Tanto nadar para morir en la orilla

Cuando pensábamos que era casi imposible que las cosas fueran peor en la justicia penal española, apareció la ley que establece una limitación a los plazos de instrucción. Sin duda, la ley puede obedecer al espíritu de quien piensa que posee un procedimiento del siglo XXI pero casi con osada obstinación olvida que tiene uno del siglo XIX.

El nuestro, es un viejo carcamal incapaz de rejuvenecer, al que las sucesivas reformas han hecho cada vez más pesado y sólo donde la capacidad de trabajo de sus usuarios le hace operativo.

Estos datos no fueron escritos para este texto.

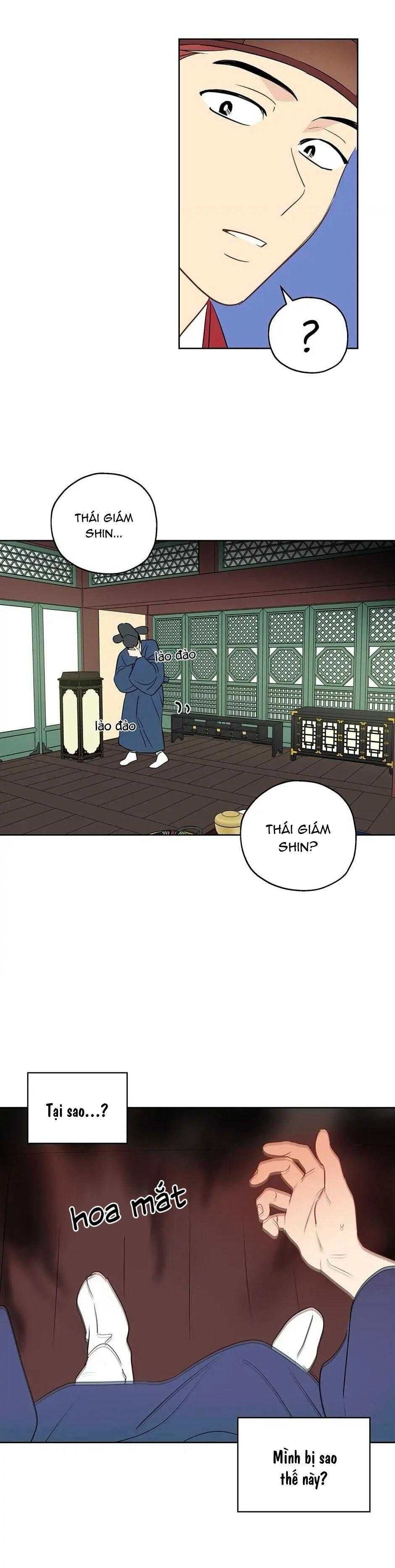 đọc truyện Liệu Rằng… Đây Có Phải Chỉ Là Một Giấc Mơ Không!? Chương 9 ảnh 21 tại Thiên Thai Truyện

Al sistema se le ha hecho de todo, salvo dotarle de dinero para hacerlo efectivo, pero sobre todo lo que se ha hecho, es que sus remiendos le hagan cada vez más reacio al cambio, que supone que el mismo órgano que instruye sea el responsable de lo que hace hasta sus últimas consecuencias, pues es el mismo que después plantearía su instrucción ante un tribunal.

Hoy día no es así, la instrucción está encomendada a los jueces de instrucción y no a los fiscales, pese a que éstos responden de los resultados de la misma, al llevar sus frutos ante los órganos de enjuiciamiento, y defender allí el trabajo realizado primordialmente por otros.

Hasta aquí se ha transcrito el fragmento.